*** Opening Data extract ***

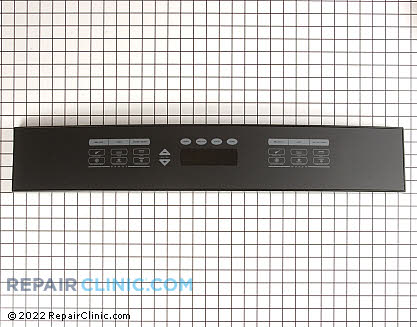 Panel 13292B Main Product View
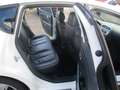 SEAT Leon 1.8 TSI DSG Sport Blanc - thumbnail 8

*** Closing Data extract ***
*** Opening Data extract ***

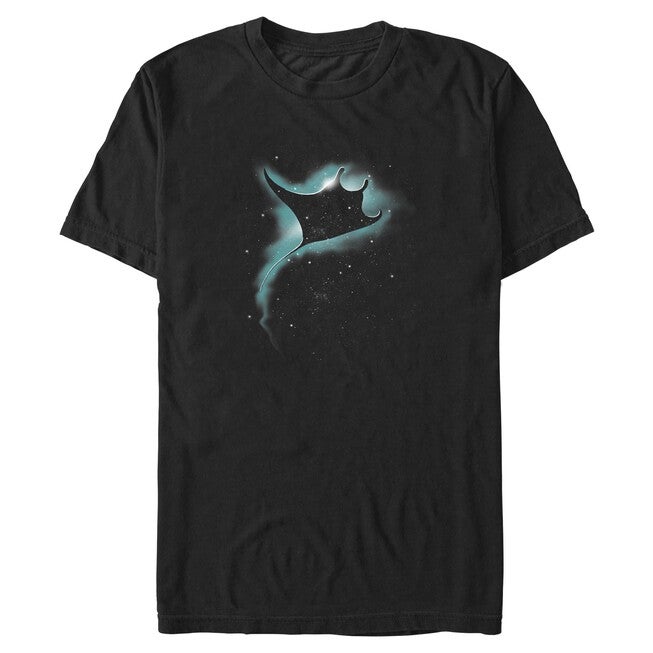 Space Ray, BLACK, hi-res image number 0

*** Closing Data extract ***
*** Opening Data extract ***

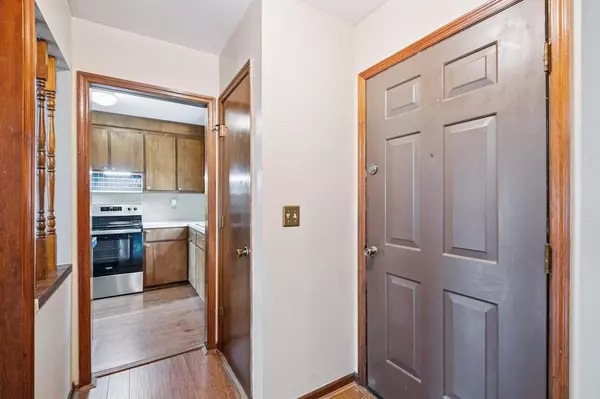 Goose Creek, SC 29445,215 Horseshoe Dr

*** Closing Data extract ***

*Exercise brief*: Although pictures appear among the entries, please set down only the lines from the one with "Panel 13292B Main Product View" up to and including the one with "SEAT Leon 1.8", word for word.

*Answer for the task*:
 Panel 13292B Main Product View
 SEAT Leon 1.8 TSI DSG Sport Blanc - thumbnail 8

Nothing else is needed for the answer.